Une vie de musiciens pas comme les autres dont les répétitions se font à ciel ouvert autour d’un feu de camp et dans des conditions rudimentaires. Ils se préparent pour la Hadhra qui a lieu jeudi et vendredi.

Il s’agit d’une cérémonie de chant liturgique qui est une tradition ancestrale pour faire guérir les gens. Un jeune possédé par le djin rentre en transe et témoigne, après de sa guérison.

De là vient le choix de l’intitulé du documentaire “Majadhib” qui est une appellation, -du dialecte tunisien en pluriel-, qu’on donne chez les gens de Redayef à la personne qui rentre en transe (singulier “Majdoub”), selon la réalisatrice.

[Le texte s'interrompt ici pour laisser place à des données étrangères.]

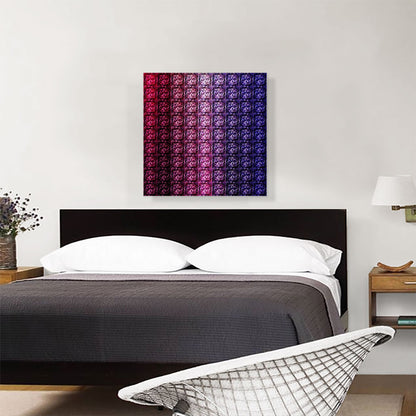 Purple Color Grid Jewel Pixel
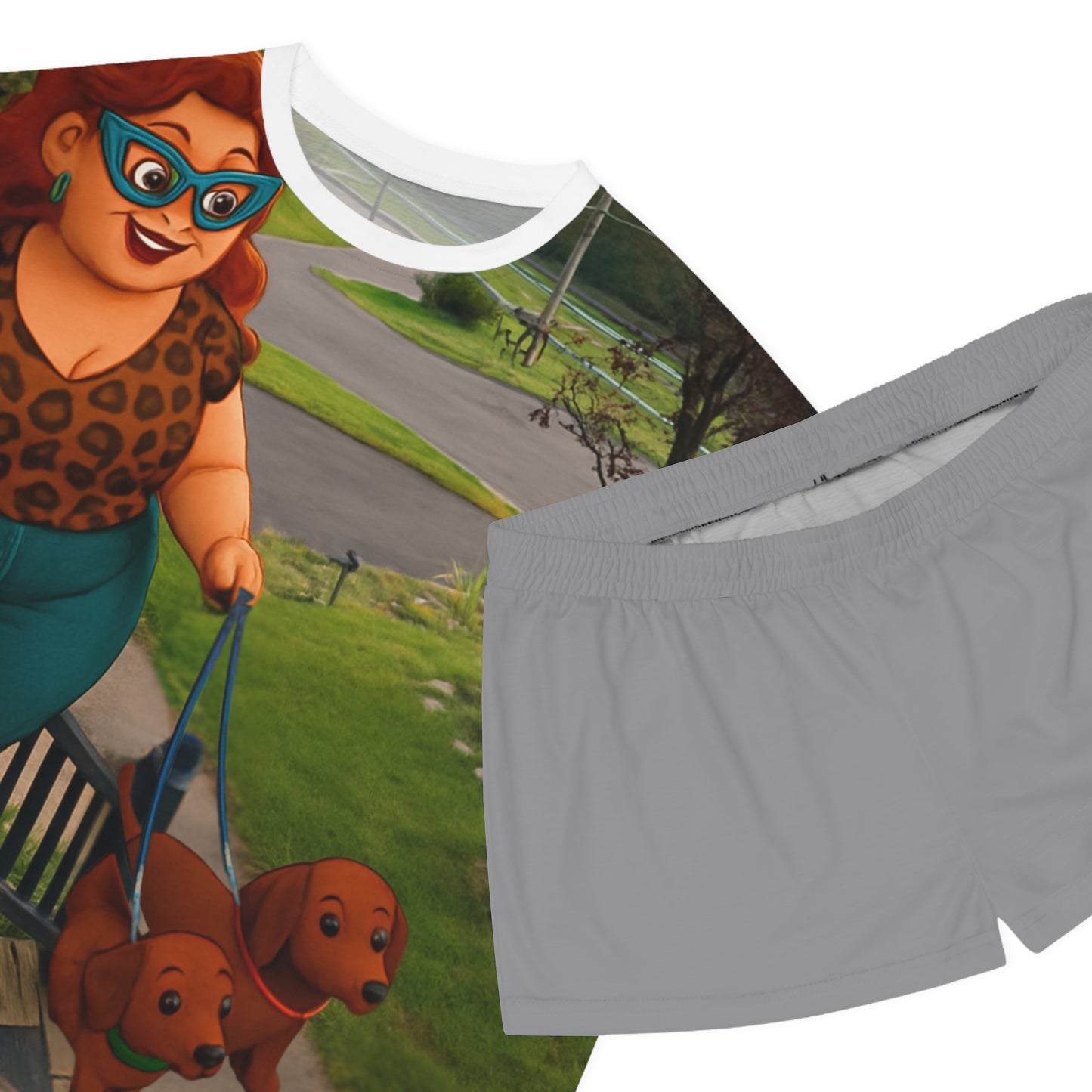 Women's Short Pajama Set (AOP)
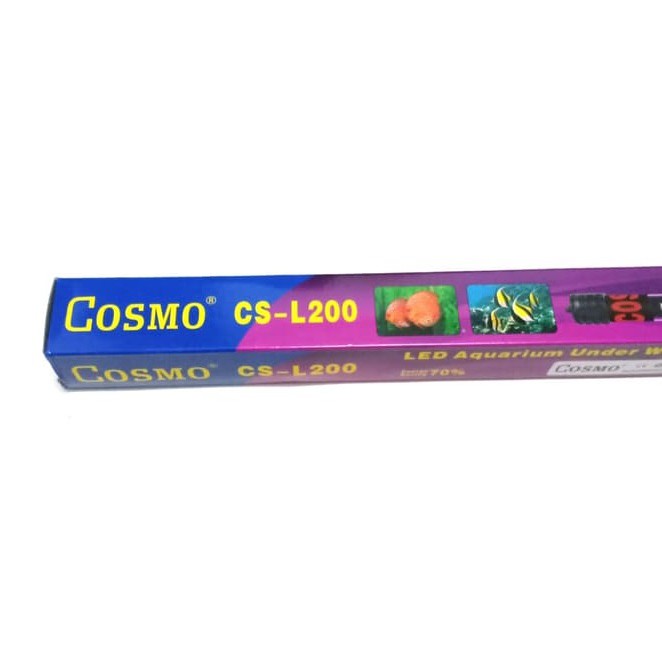 Lampu Celup Aquarium 20cm Cosmo CS-L200 LED Under Water Light 20 cm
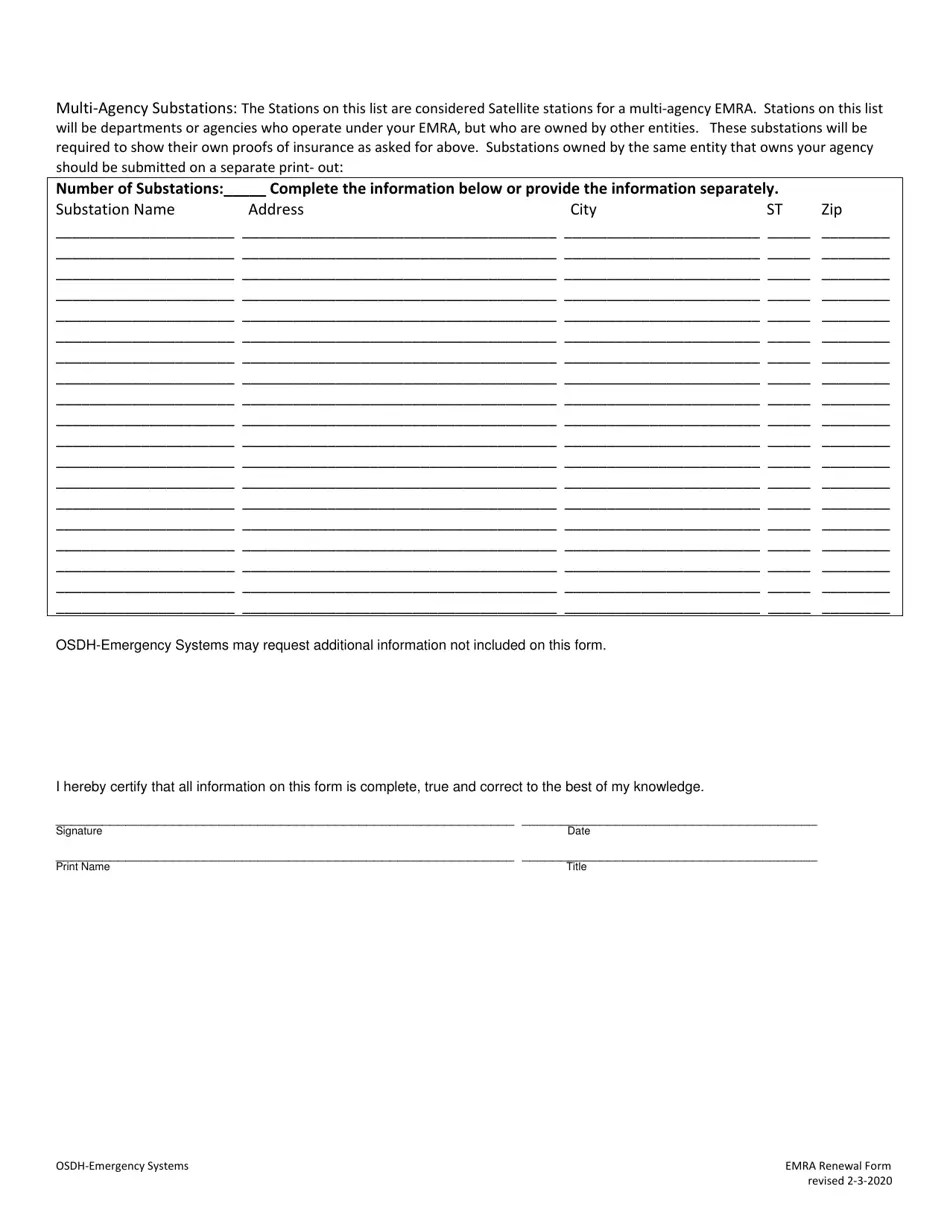 2020 Oklahoma Emra Survey/Renewal Form Fill Out, Sign Online and
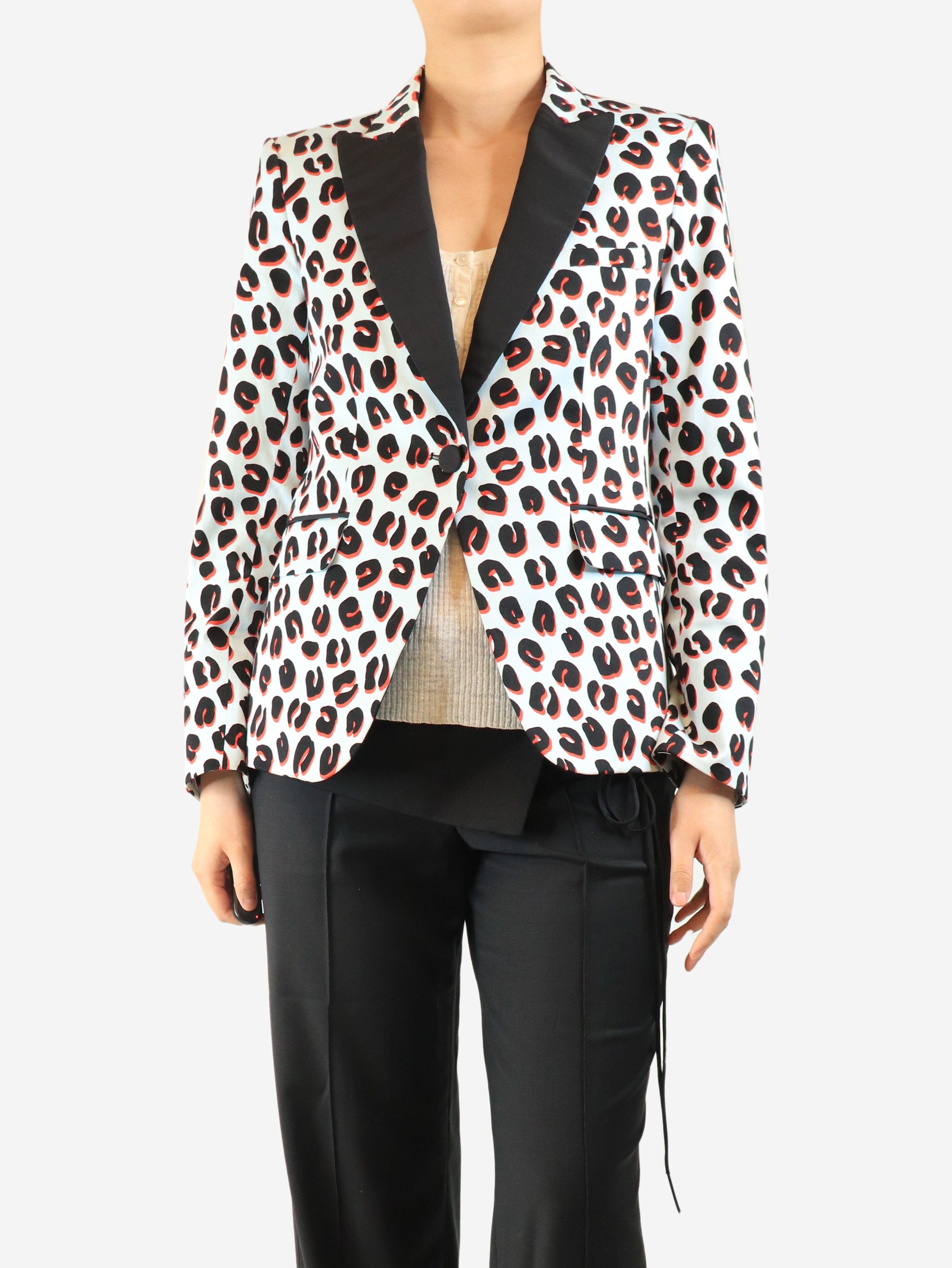 Veronica Beard Blue leopard print blazer - UK 12 Size M / US 6-8 / IT 42-44 - 1 Thumbnail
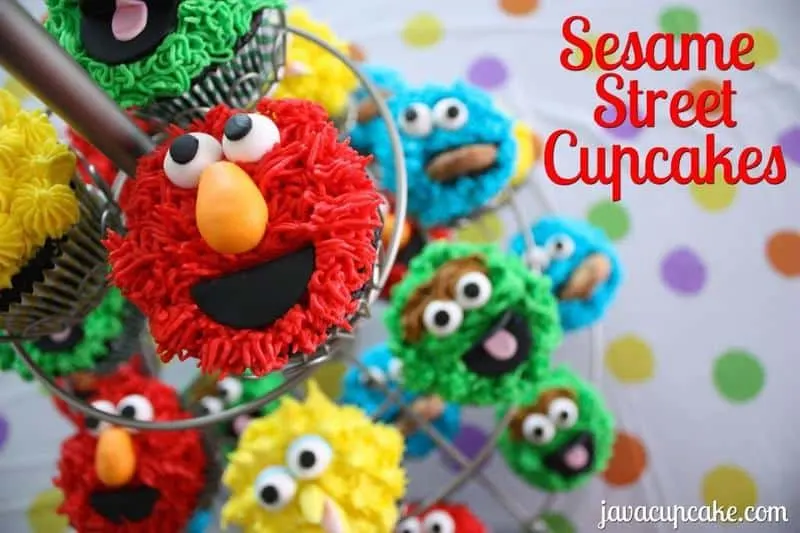 Tutorial: Sesame Street Cupcakes by JavaCupcake.com
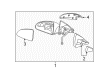 Chevy Malibu Car Mirror Diagram - 22698307
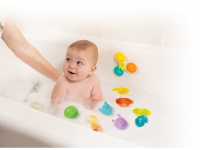 INFANTINO Sada hraček do koupele Spin, Squirt & Sail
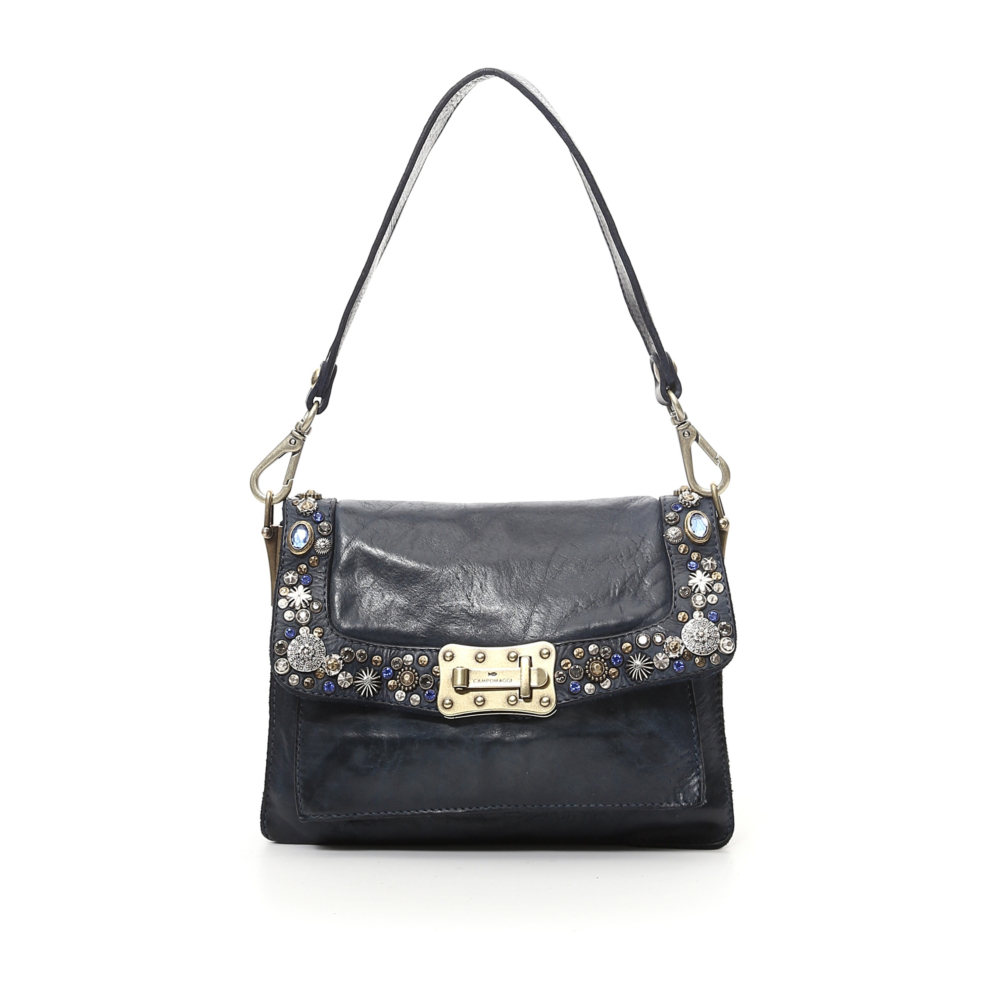 Barletta Small Leather Bag D26 Blu Notte main image 1
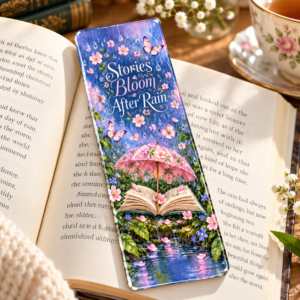 Stories Bloom After Rain Acrylic Bookmark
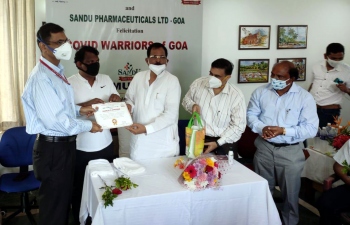Goa will always remember selfless work of Covid Warriors: Shripad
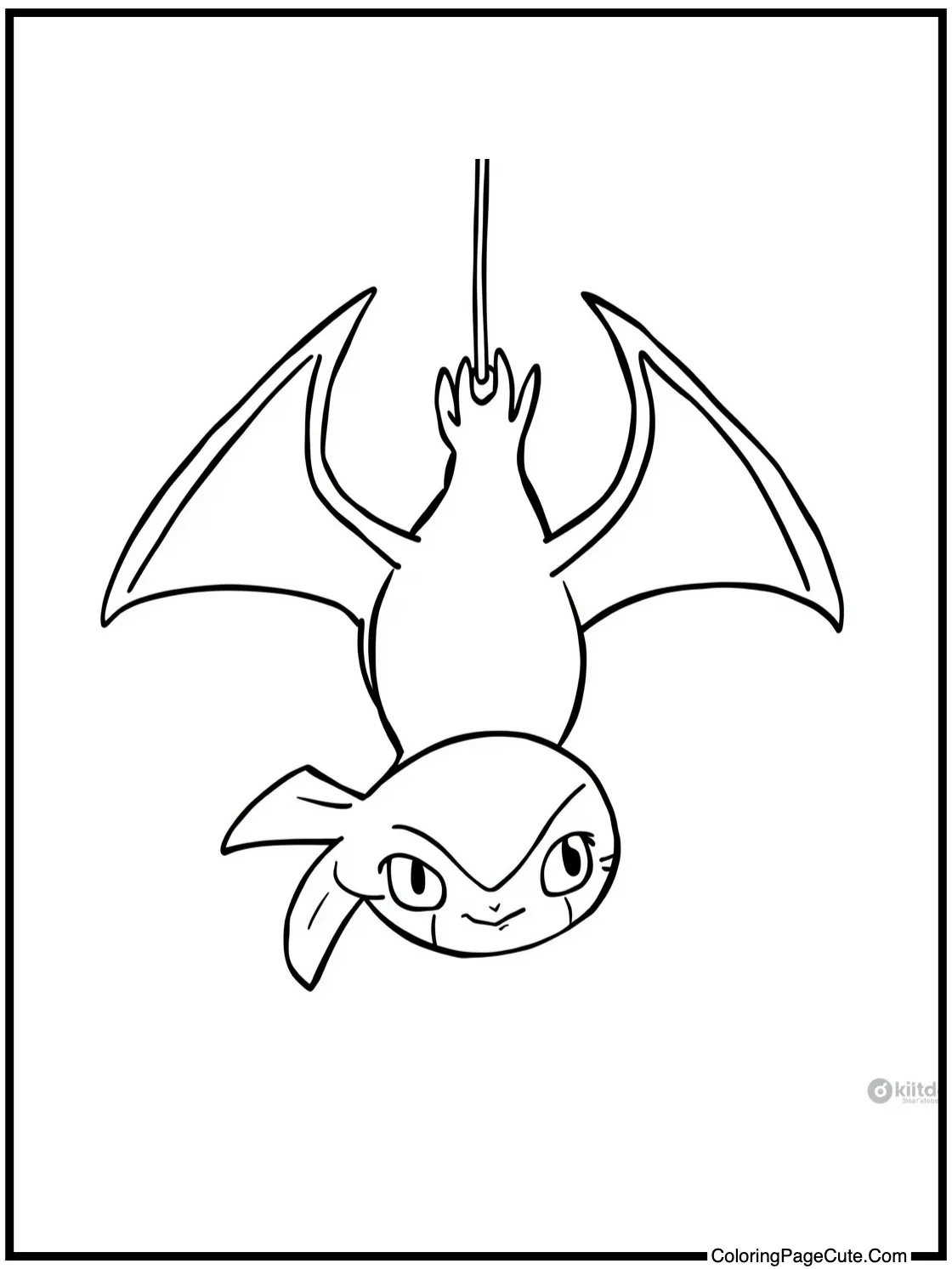 Zubat hanging upside-down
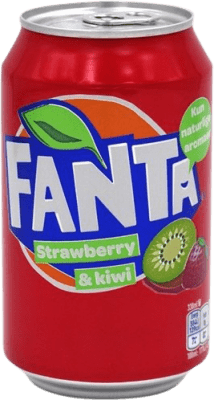 Напитки и миксеры Fanta Strawberry & Kiwi 33 cl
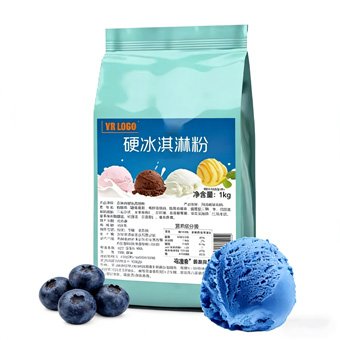 Blueberry Hard Ice Cream Mix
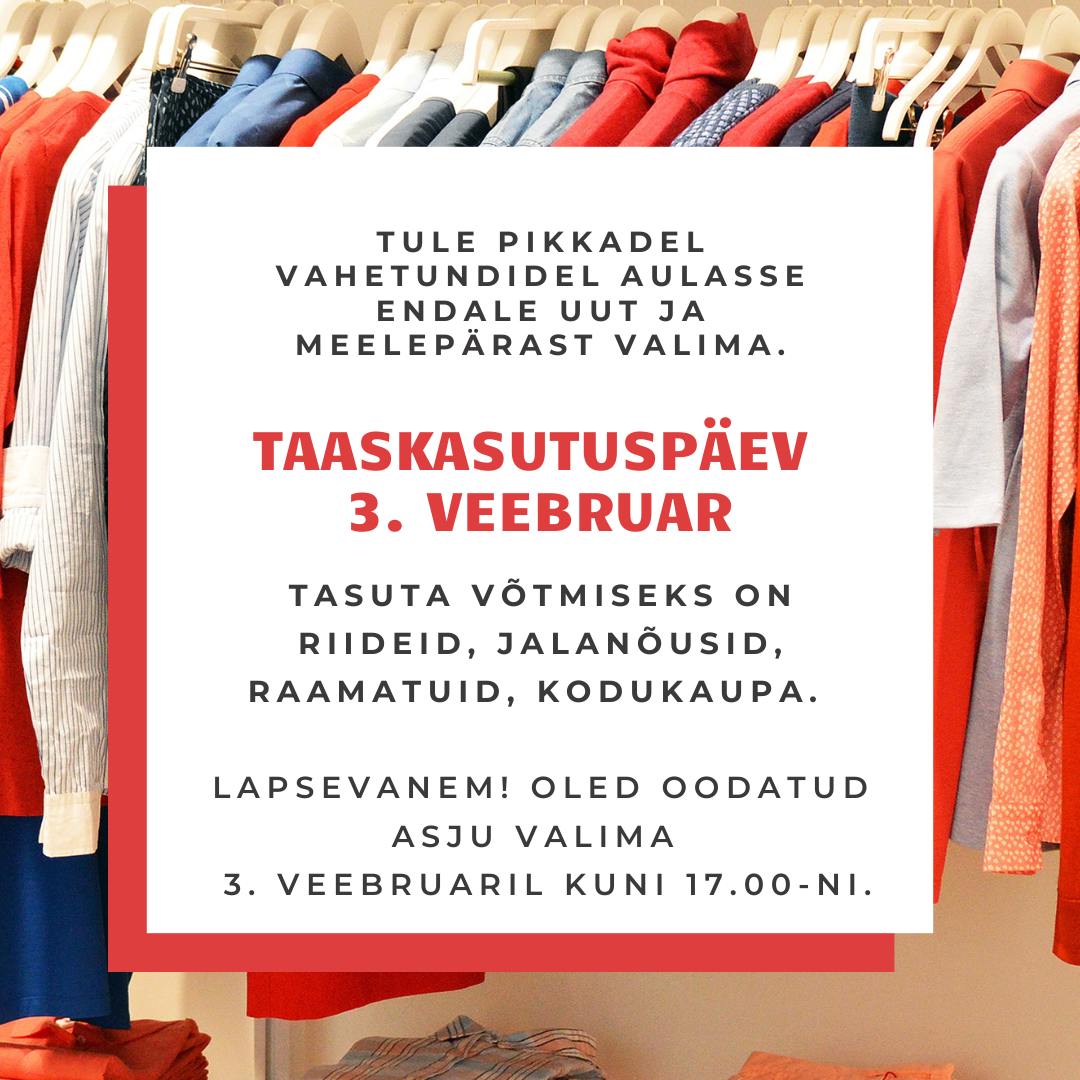 Taaskasutuspäev 3.02.2026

A la misère s’ajoute des croyances qui accentuent encore les malheurs de ces gens et de toute une jeunesse. Se produire dans des spectacles de Hadhra ou vendre des pigeons sur le marché de la ville, serait la seule alternative de ces jeunes face à la misère.

Le témoignage sur cette histoire d’amour entre une jeune fille et son fiancé, tous deux encore lycéens, ne semble pas trop différer. S’il est incertain, l’avenir à Redayef est aussi limité par les moyens, les croyances et la mentalité qui règnent.

Tout est vétuste et annonciateur d’un quotidien pas assez évident et d’une vie assez rude. Et pourtant, l’espoir est là et la joie de vivre se dessine sur ces visages juvéniles au regard endurci par les épreuves de la vie qu’ils mènent en dehors des bancs de l’école.

Après des études dans le cinéma, Chiraz Bouzidi qui avait débuté dans le genre fiction, par des courts-métrages, essaye cette fois-ci de s’initier au documentaire. Elle dit être “touchée” par l’histoire de ces gens dont “la musique demeure un choix face à une vie assez dure.

Redayef, ville minière qui abrite un important gisement de phosphate est aussi le symbole d’une délégation militante, depuis l’époque coloniale jusqu’à nos jours. Peu avant la révolution, le militantisme des habitants de Redayef s’est traduit par cette manifestation sociale en 2008, la première étincelle qui était derrière les événements de 2011 et de ce qu’on appelait le début du printemps arabe.

“Travail, Liberté et Dignité”, trois mots qui résonnaient comme un hymne pour tout un peuple. Près de 10 ans déjà, mais la situation demeure la même pour les habitants de Redayef, toujours sous le fardeau de la pauvreté. A la nature hostile, s’ajoutent des circonstances sociales et économiques peu favorables à une vie digne pour ces gens en état d’impuissance, démunis et dépourvus de tout.

Dans “Majadhib”, le motif de la réalisatrice est assez intéressant, sauf que la structure du documentaire s’avère peu convaincante. La misère est là, sans qu’on puisse vraiment déchiffrer le message que le film cherche vainement à transmettre.

Après ” Redayef 54 “, fiction réalisée par Ali Abidi (1997), de nombreux films, notamment après la révolution, ont abordé la thématique de “Redayef”, selon des approches assez distinctes, qui vont du documentaire cinématographique jusqu’au genre journalistique.